WHAT YOU SHOULD DO
Omitting all pictures, copy word for word the lines from the line containing "Image 21 of 47 For 3051 Atlantic Avenue 1003" through the final line of the entries.

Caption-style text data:
::::::

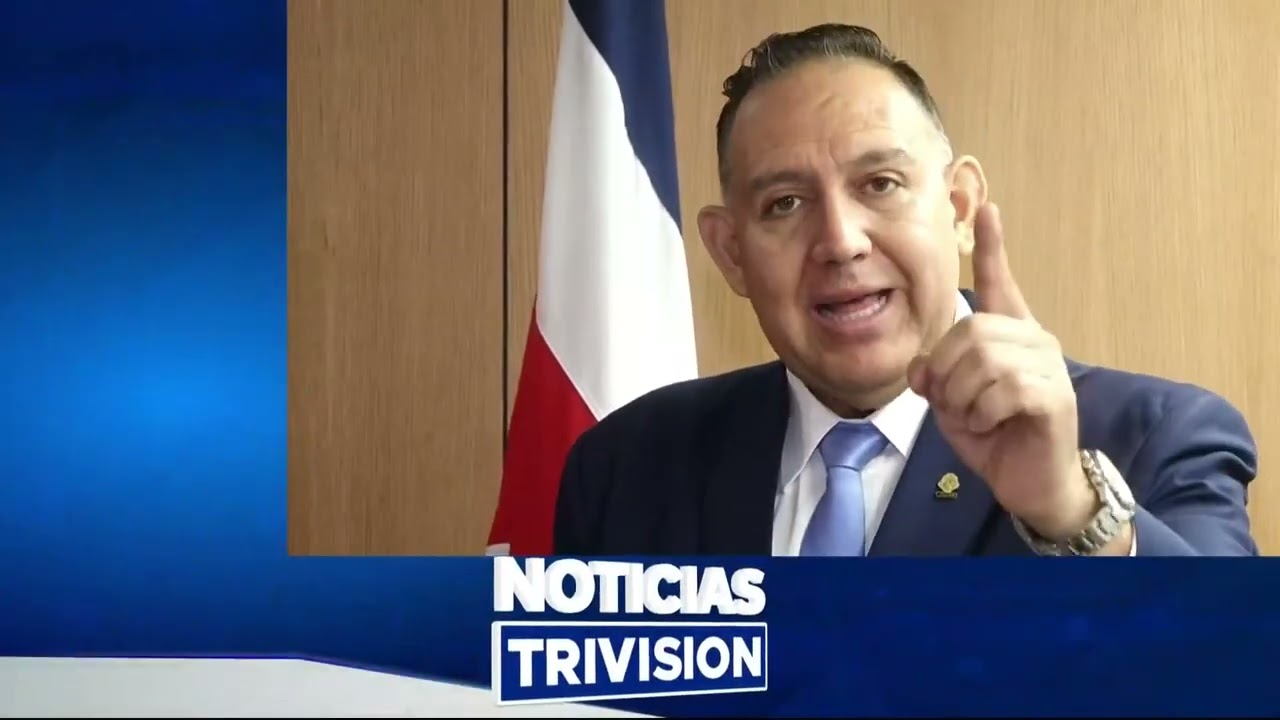 Leslye Bojorges renunció al PUSC, y dio la adhesión a Pueblo Soberano.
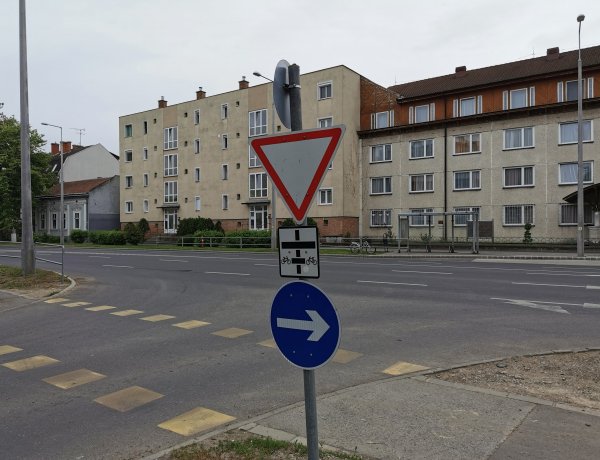 Kitört kresztáblák több utcában is - Három helyen is dolgoztak a szakemberek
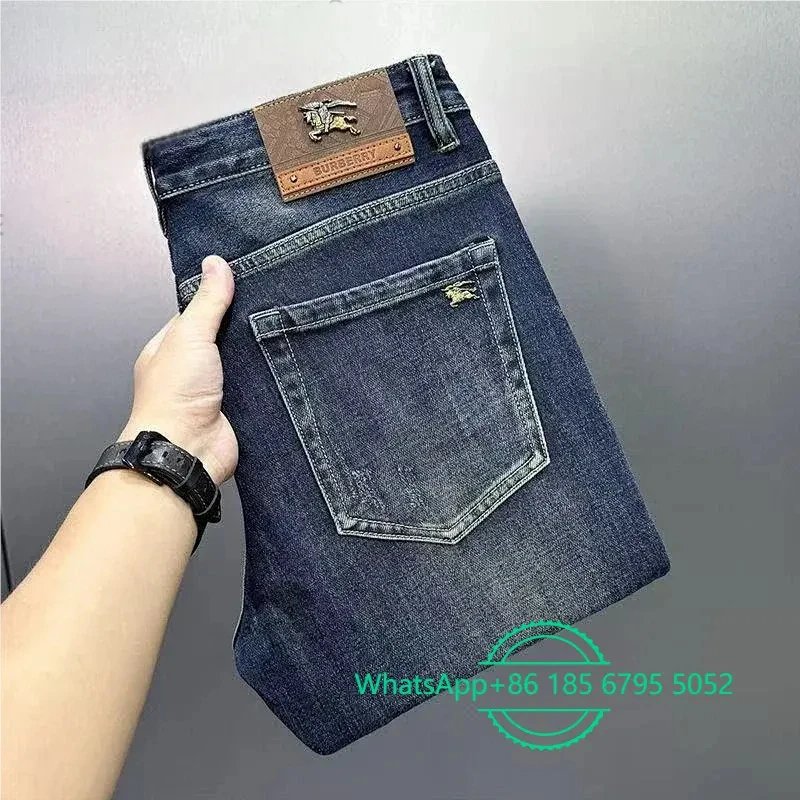 Burberry Jeans Straight-Leg Denim — 33Burberry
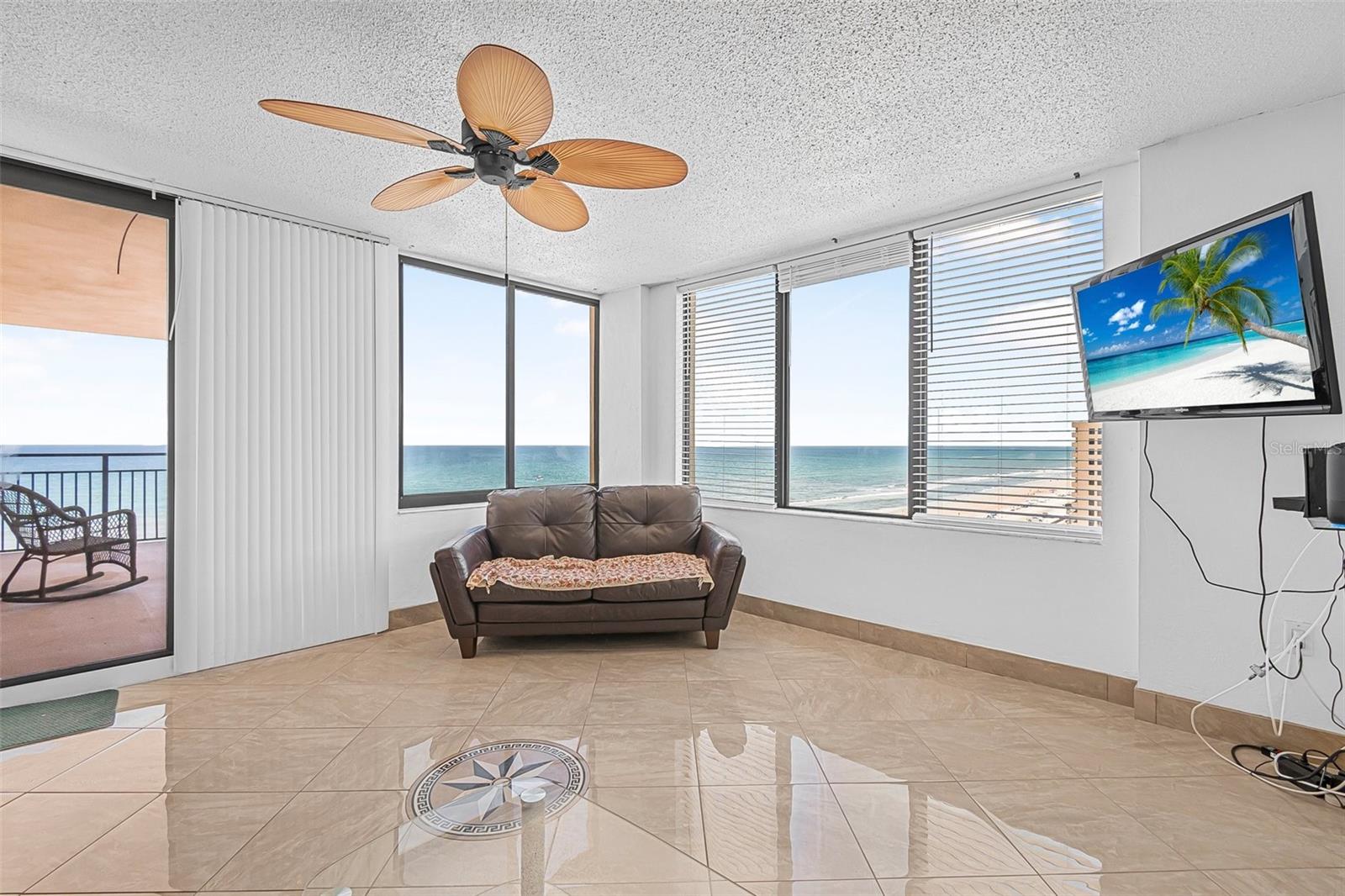 Image 21 of 47 For 3051 Atlantic Avenue 1003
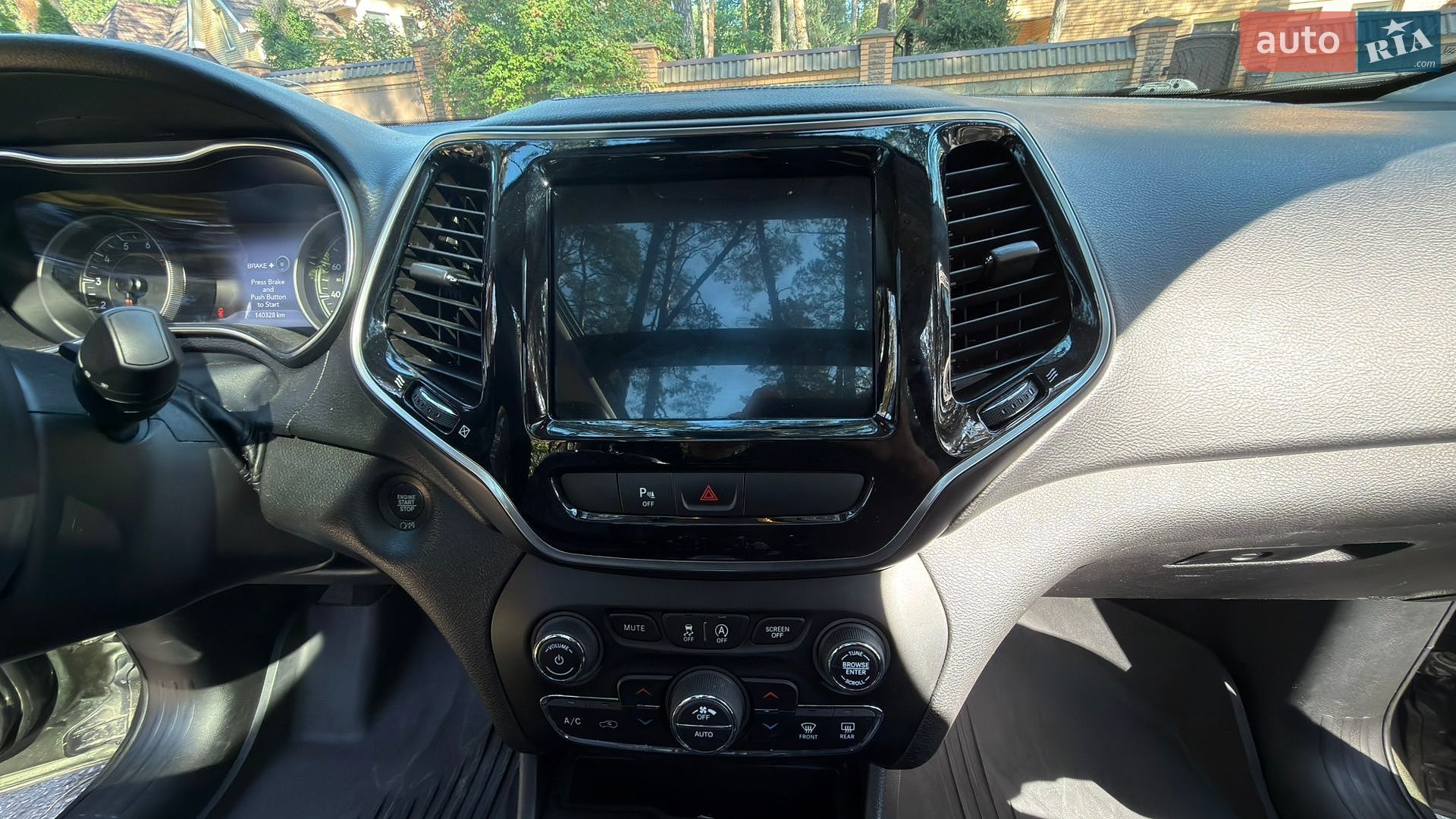 Jeep Cherokee 2018 VIN 1C4PJMDX2KD237546 фото оголошення 38 з 78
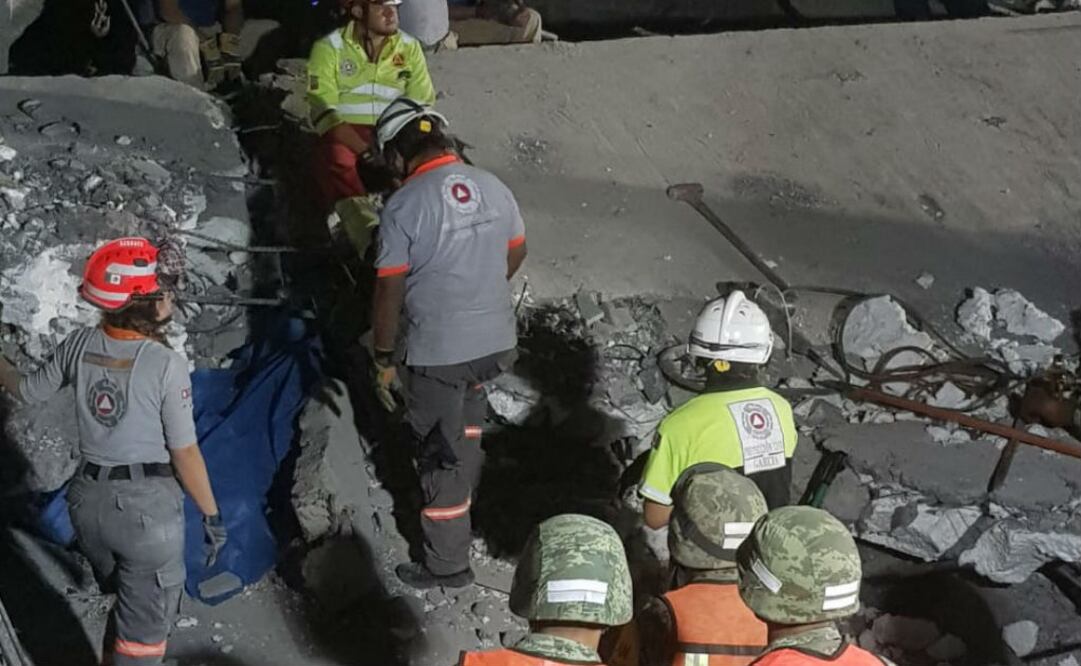 Labores de rescate de octava víctima mortal del derrumbe de centro comercial Cumbres del Sol, luego de más de 40 horas de labor de 200 brigadistas. Foto Especial
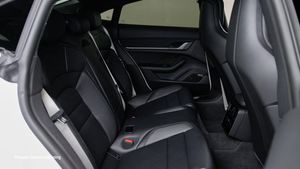 Porsche Taycan bild 22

::::::

ANSWER FOR THIS EXERCISE
 Image 21 of 47 For 3051 Atlantic Avenue 1003
 Jeep Cherokee 2018 VIN 1C4PJMDX2KD237546 фото оголошення 38 з 78
 Labores de rescate de octava víctima mortal del derrumbe de centro comercial Cumbres del Sol, luego de más de 40 horas de labor de 200 brigadistas. Foto Especial
 Porsche Taycan bild 22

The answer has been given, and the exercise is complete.